Private Kubernetes Cluster with kops

I’ve scattered the web looking for a simple tutorial on how to set up kops, with a private API, private DNS zone, and private network topology.

Most of the blog posts I’ve come across go with the default configuration or just tweak it at a superficial level.

That’s the motivation for this post, we are going to set up a highly available Kubernetes cluster on AWS using kops and terraform, the cluster will have an unexposed API, private nodes (all running in private subnets), and a private DNS zone.

Terraform setup

We’ll use infrastructure as code best practices to make sure our setup is repeatable using terraform.

Bellow is a bad drawing that tries to explain how the infrastructure will look like. I know of the existence of draw.io, but we are trying to be edgy here, ok!? 🔥

Fig.1 - VPC setup to help explain the terraform configuration

First of all, we’ll set up a VPC, private subnets where our nodes will run, public subnets (those will be necessary to run ELBs for Ingress and Services of type LoadBalancer), a private DNS zone, an s3 bucket to store the kops state and we’ll also create a security group that we’ll attach to the internal API ELB. Here is the code:

# main.tf

provider "aws" {
  region = "us-west-2"
}

terraform {
  required_providers {
    aws = {
      source  = "hashicorp/aws"
      version = "4.32.0"
    }
  }
}

data "aws_region" "current" {}

locals {
  region       = data.aws_region.current.name
  azs          = formatlist("%s%s", local.region, ["a", "b", "c"])
  domain       = "datacenter.example.com"
  cluster_name = "test.datacenter.example.com"
}

module "zones" {
  source  = "terraform-aws-modules/route53/aws//modules/zones"
  version = "2.9.0"

  zones = {
    (local.domain) = {
      vpc = [
        {
          vpc_id = module.vpc.vpc_id
        }
      ]
    }
  }
}

module "vpc" {
  source  = "terraform-aws-modules/vpc/aws"
  version = "3.16.0"

  name = format("%s-vpc", local.cluster_name)
  cidr = "10.0.0.0/16"

  azs             = local.azs
  private_subnets = ["10.0.1.0/24", "10.0.2.0/24", "10.0.3.0/24"]
  public_subnets  = ["10.0.101.0/24", "10.0.102.0/24", "10.0.103.0/24"]

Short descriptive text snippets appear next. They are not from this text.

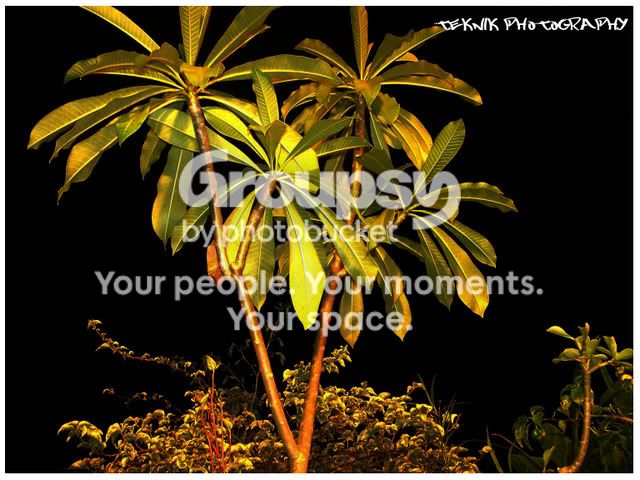plant.jpg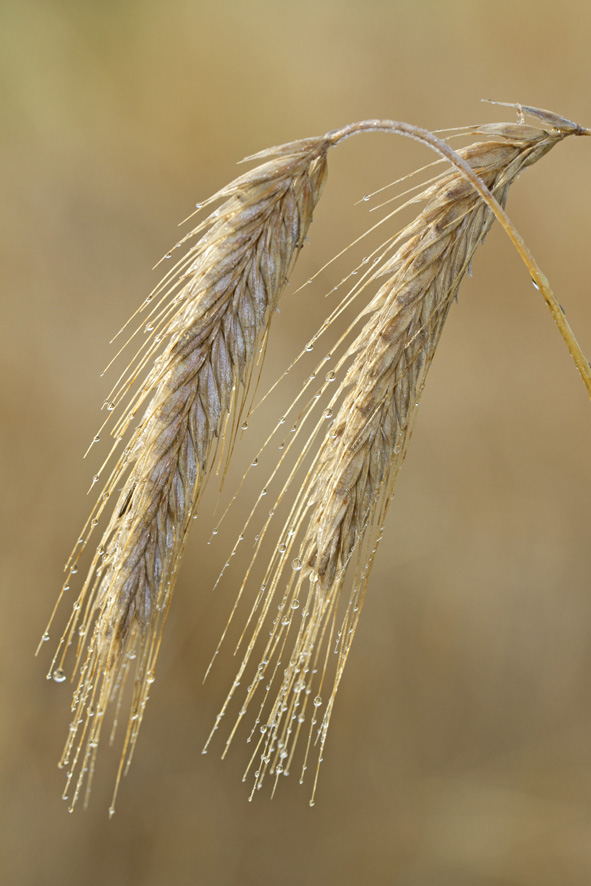 Triticum2.jpg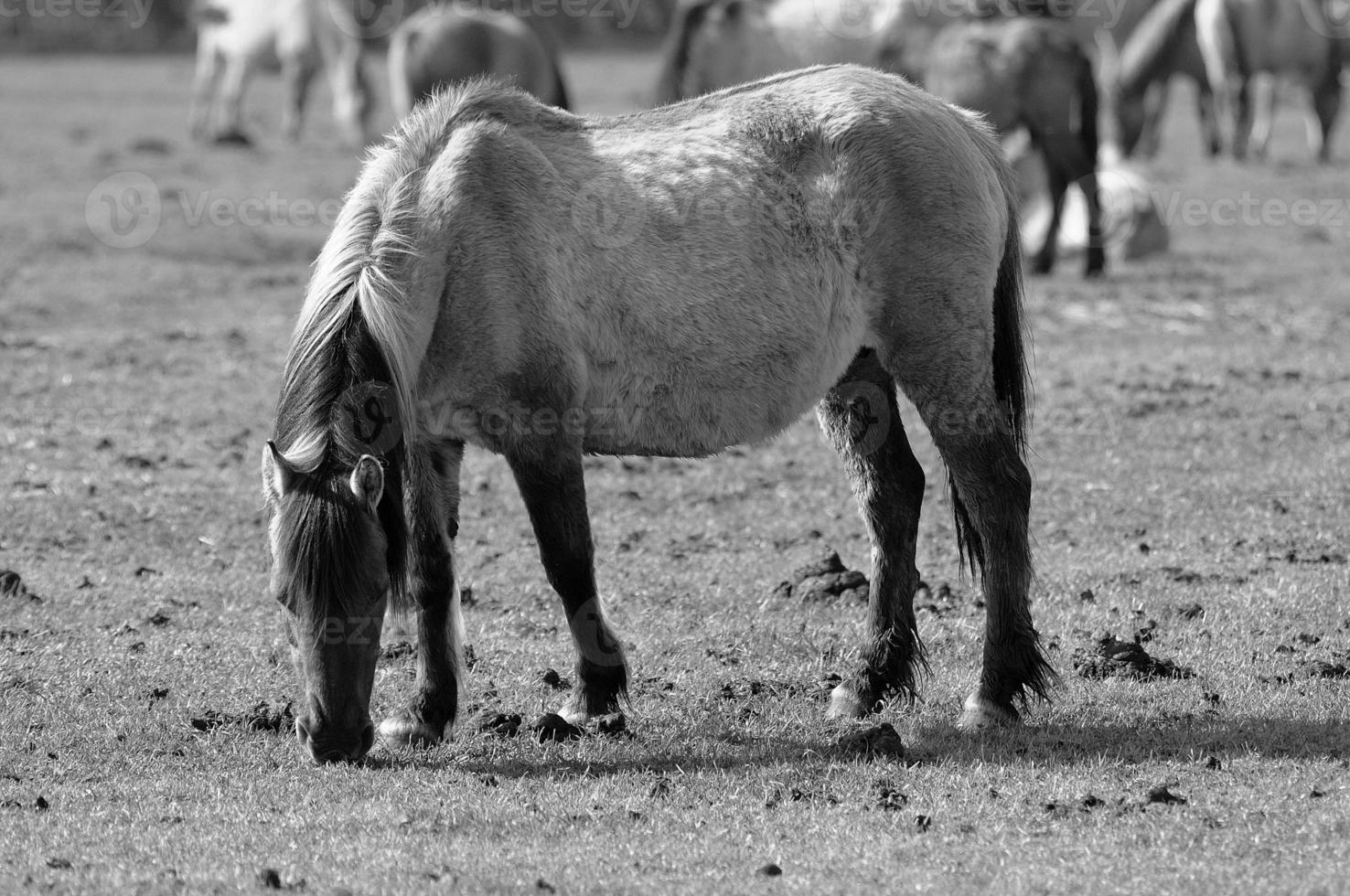 horses on a german meadow photo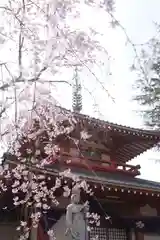 新井薬師（梅照院）の自然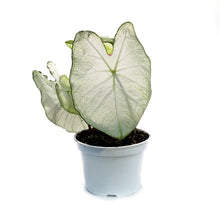 Load image into Gallery viewer, Caladium, 6in,  Moonlight
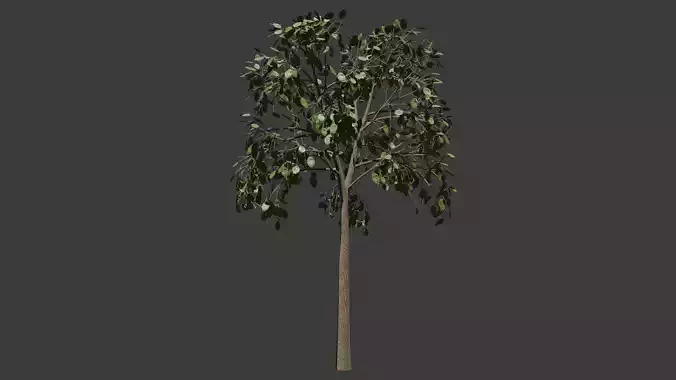 Decorative Tree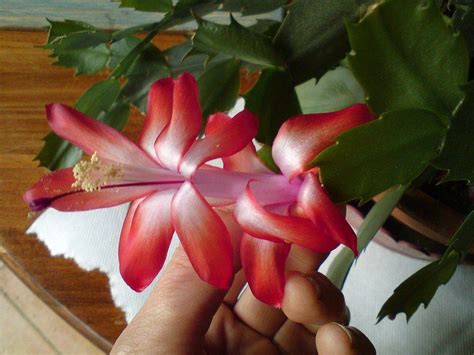 *si l'annonce est toujours là, le produit est disponible. Schlumbergera (cactus de Noël) : faire des boutures ...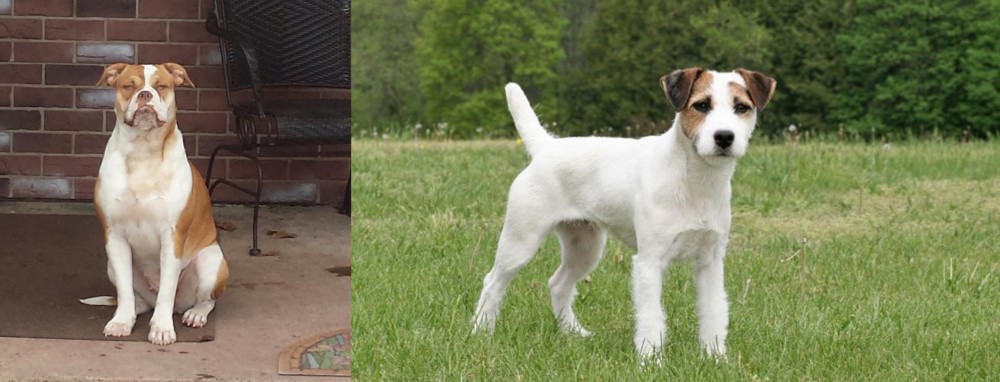 Jack Russell Terrier vs Alapaha Blue Blood Bulldog - Breed Comparison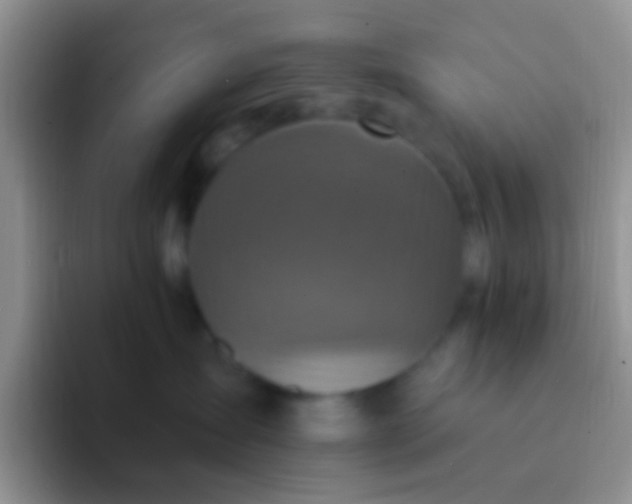 X0000092080431200709262108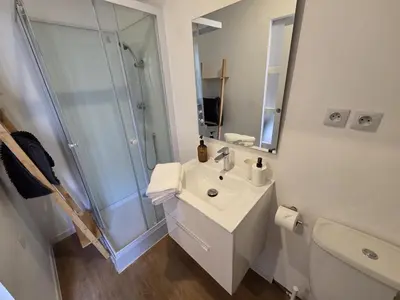 Salle de bains dans l'établissement Le Simba - grand studio avec Wi-Fi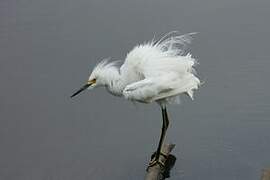 Snowy Egret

  enable_nat_gateway     = true
  single_nat_gateway     = true
  one_nat_gateway_per_az = false
  enable_dns_support     = true
  enable_dns_hostnames   = true

  private_subnet_tags = {
    "kubernetes.io/role/internal-elb" = 1
  }

  public_subnet_tags = {
    "kubernetes.io/role/elb" = 1
  }

  tags = {
    Application                                            = "network"
    format("kubernetes.io/cluster/%s", local.cluster_name) = "shared"
  }
}

module "s3_bucket" {
  source  = "terraform-aws-modules/s3-bucket/aws"
  version = "3.4.0"

  bucket = "kops-state-datacenter"
  acl    = "private"

  versioning = {
    enabled = true
  }
}

module "kops_internal_lb_secg" {
  source  = "terraform-aws-modules/security-group/aws"
  version = "4.13.1"

  name                = "Security group for internal ELB created by kops"
  vpc_id              = module.vpc.vpc_id
  ingress_cidr_blocks = [module.vpc.vpc_cidr_block]
  ingress_rules       = ["https-443-tcp", "http-80-tcp"]
}

We’ll need to pick up some information about our infrastructure to template our kops configuration file.

# outputs.tf

output "region" {
  value = local.region
}

output "vpc_id" {
  value = module.vpc.vpc_id
}

output "vpc_cidr_block" {
  value = module.vpc.vpc_cidr_block
}

output "public_subnet_ids" {
  value = module.vpc.public_subnets
}

output "public_route_table_ids" {
  value = module.vpc.public_route_table_ids
}

output "private_subnet_ids" {
  value = module.vpc.private_subnets
}

output "private_route_table_ids" {
  value = module.vpc.private_route_table_ids
}

output "default_security_group_id" {
  value = module.vpc.default_security_group_id
}

output "nat_gateway_ids" {
  value = module.vpc.natgw_ids
}

output "availability_zones" {
  value = local.azs
}

output "kops_s3_bucket_name" {
  value = module.s3_bucket.s3_bucket_id
}

output "k8s_api_http_security_group_id" {
  value = module.kops_internal_lb_secg.security_group_id
}

output "cluster_name" {
  value = local.cluster_name
}

output "domain" {
  value = local.domain
}

By now, you can run terraform apply and bootstrap the base infrastructure.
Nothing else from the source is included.